REQUIREMENT:
With pictures left out, set down exactly the lines that begin at the one containing "Carruades De Lafite 75 cl" and end with the last line of the entries below.
TASK MATERIAL: Begin
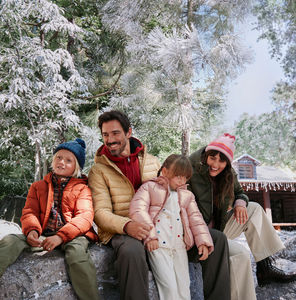 Custom Warm Autumn Outdoor Season Jacket for Men Thick <b>Bubble</b> <b>Coat</b> Casual Outerwear Canvas - Product Image 6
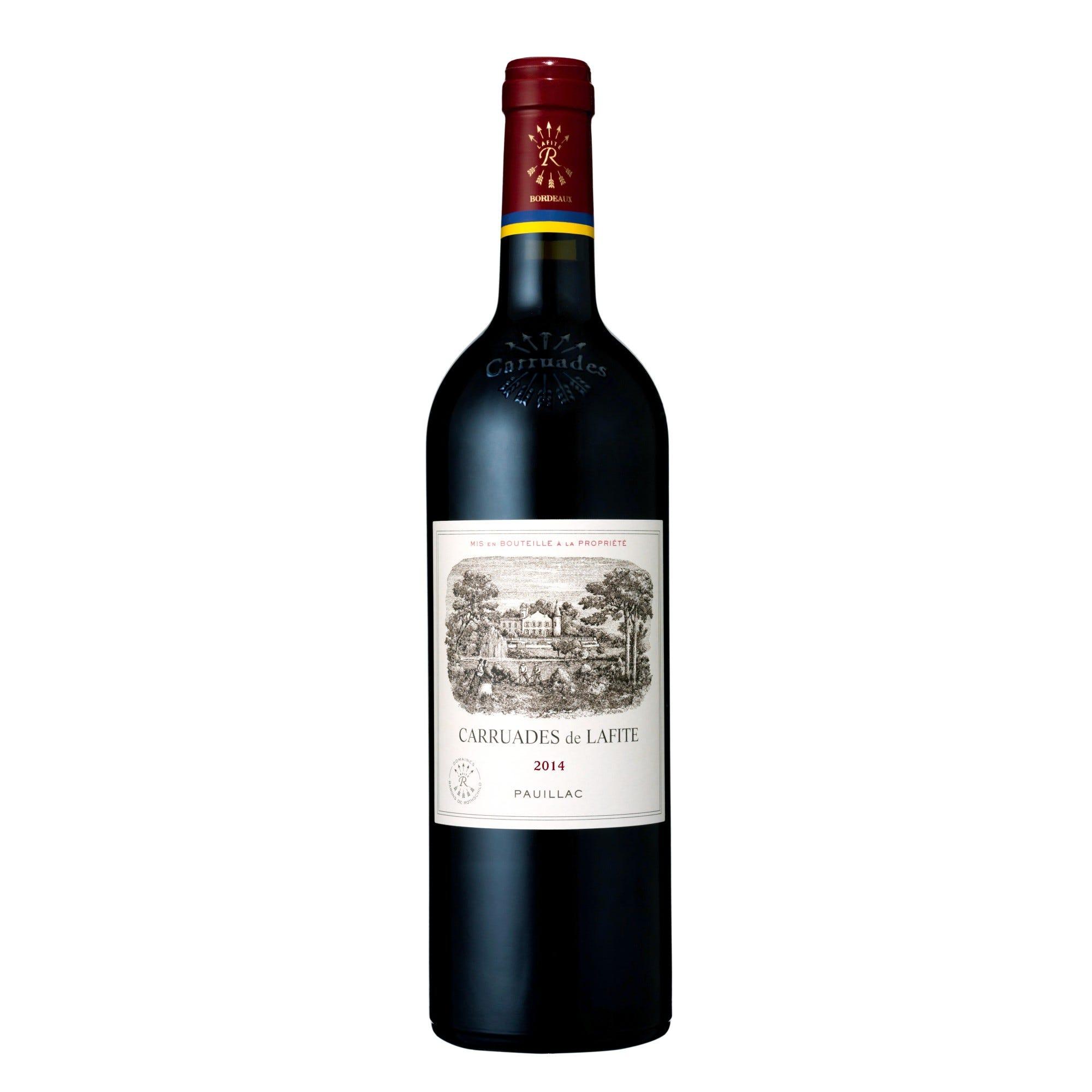Carruades De Lafite 75 cl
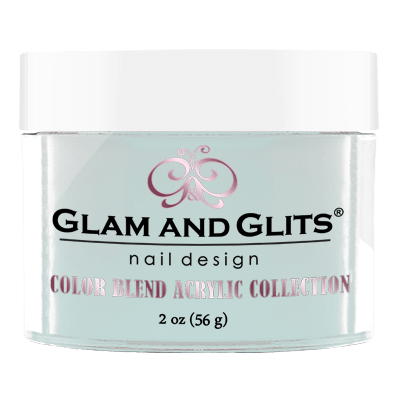 Glam & Glits Blend Acrylic - BL 3029 Blueprint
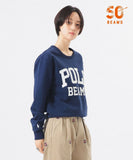 BEAMS x POLO RALPH LAUREN LS CN HEAVY WEIGHT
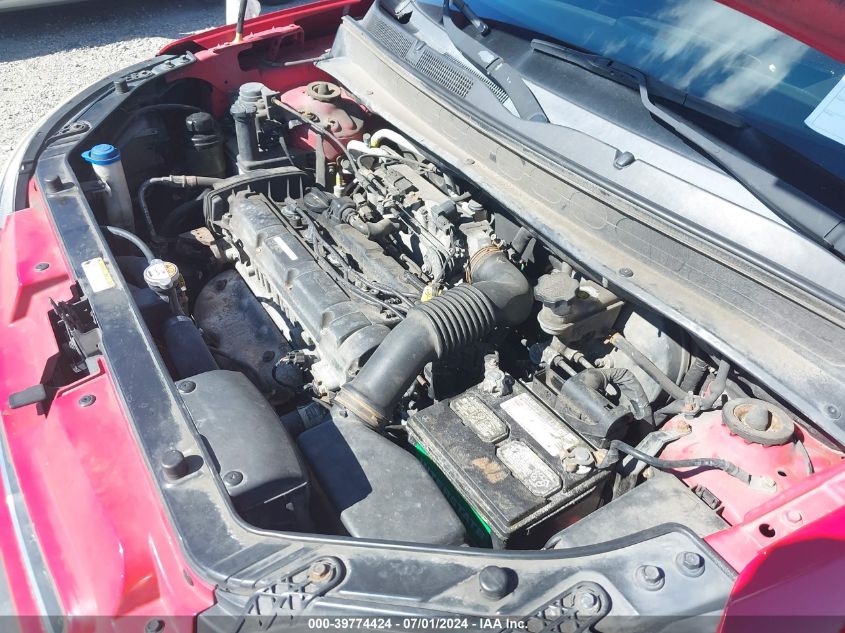 2011 Kia Soul + VIN: KNDJT2A26B7322997 Lot: 39774424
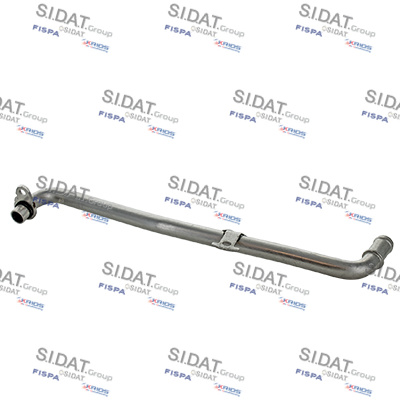 SIDAT 83.1127T Conducta tubulara, Supapa-AGR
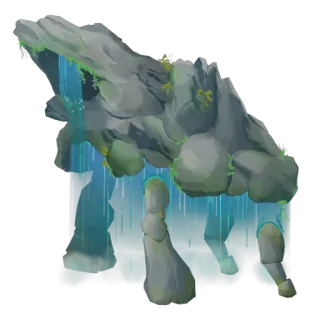 Waterfall Giant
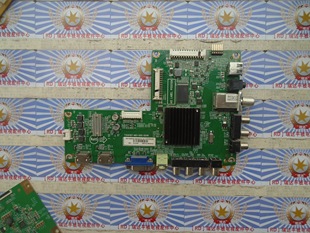 海尔LE46G3000主板715G6187-M01-000-004N 屏TPT460H1-WU2200原装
TASK MATERIAL: End
ANSWER BELOW:
Carruades De Lafite 75 cl
 Glam & Glits Blend Acrylic - BL 3029 Blueprint
 BEAMS x POLO RALPH LAUREN LS CN HEAVY WEIGHT
 2011 Kia Soul + VIN: KNDJT2A26B7322997 Lot: 39774424
 SIDAT 83.1127T Conducta tubulara, Supapa-AGR
 Waterfall Giant
 海尔LE46G3000主板715G6187-M01-000-004N 屏TPT460H1-WU2200原装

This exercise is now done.